AS FALHAS NA HABITAÇÃO
-
Muito boa gente questiona: por que é que se falha tanto nas políticas da habitação? Por que é que a habitação é um pesadelo? Por que é que as rendas são tão altas? Duas explicações podem encontrar-se em factos divulgados esta semana: arrendamento acessível e construção de fogos ao abrigo do PRR.
-
Comecemos pelo arrendamento acessível. Foi um programa criado em 2019, para promover rendas a custos acessíveis. Os senhorios beneficiariam de isenções fiscais se baixassem as rendas 20% abaixo da mediana do mercado. Cinco anos volvidos, o programa é um verdadeiro flop.
-
Face à totalidade dos arrendamentos privados existentes (870 mil), só 0,12% dos arrendamentos têm renda acessível.
-
Face a novos contratos, pós 2019 (330 mil), só 0,3% dos novos arrendamentos têm renda acessível.
-
Em ambos os casos, muito longe dos 20% de contratos a abranger que prometia o Governo.
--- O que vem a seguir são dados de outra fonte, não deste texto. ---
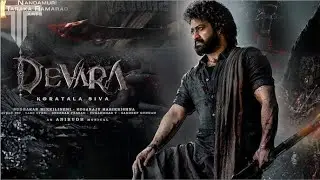 Devara_Trailer_(4k)_quality_ / Devara movie clip 2024 #devara #shortsfeed #jrntr #youtubeshorts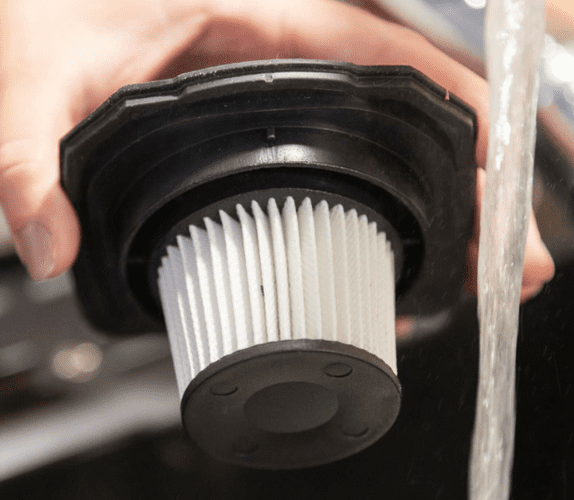 Učinkovito filtriranje i jednostavno održavanje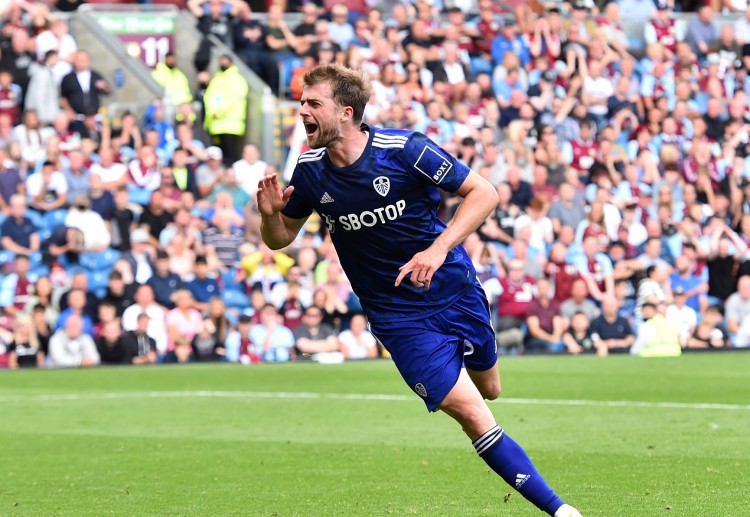 Premier League: Patrick Bamford scored an equaliser on the 86th minute of Leeds United's 1-1 draw vs Burnley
Um fiasco completo.
-
O segundo programa tem a ver com o PRR – construir ou reabilitar 26 mil fogos até 2026. Também aqui os números não são brilhantes:
-
As candidaturas para construir ou reabilitar casas podem surgir até março de 2024. Mas, até agora, só surgiram cerca de 16 mil.
-
Das candidaturas apresentadas, só 7.500 é que foram aprovadas: um número muito baixo.
-
E em quase dois anos de PRR, apenas duas mil casas foram efetivamente construídas. Muito pouco face às expectativas e às necessidades.
OS JOVENS QUE EMIGRAM
-
O Expresso publicou dados impressionantes sobre a emigração portuguesa: somos o país da UE que mais emigra e o oitavo do mundo; a grande maioria dos que emigram são jovens em idade de terem filhos; esta situação contribui seriamente para o país perder população e para envelhecer.
-
Tudo isto é sério, evidentemente. Mas não é o mais sério. Com a emigração, Portugal perde população. Mas o país compensa com os imigrantes que têm entrado no nosso país. Com a emigração de jovens, há uma perda de nascimentos. Logo, um envelhecimento da nossa população. Mas o país compensa com os imigrantes que entram. São igualmente jovens e rejuvenescem a nossa sociedade.
-
O aspeto mais grave desta situação coloca-se no plano da qualificação. Aqui, sim, as consequências são mais sérias e não têm compensação possível.
-
Em 2014, ano que foi um pico de emigração, a maioria das pessoas que emigrava tinha baixas qualificações (53% com ensino básico).
-
Em 2021, último ano com dados do INE, quase metade dos que saíram de Portugal tinham altas qualificações (48% com o ensino superior).
-
Este é o problema. Desperdiçamos talento. Deixamos sair do País os mais dinâmicos e empreendedoras da sociedade. Perdemos energia e capacidade inovadora. E, aqui sim, a imigração não compensa a emigração. Os novos trabalhadores que entram em Portugal não têm tão altas qualificações quanto os que saem do país.
-
Esta é a consequência de uma economia que cresce pouco e não gera salários competitivos. Até quando? Que propostas para mudar o perfil da nossa economia?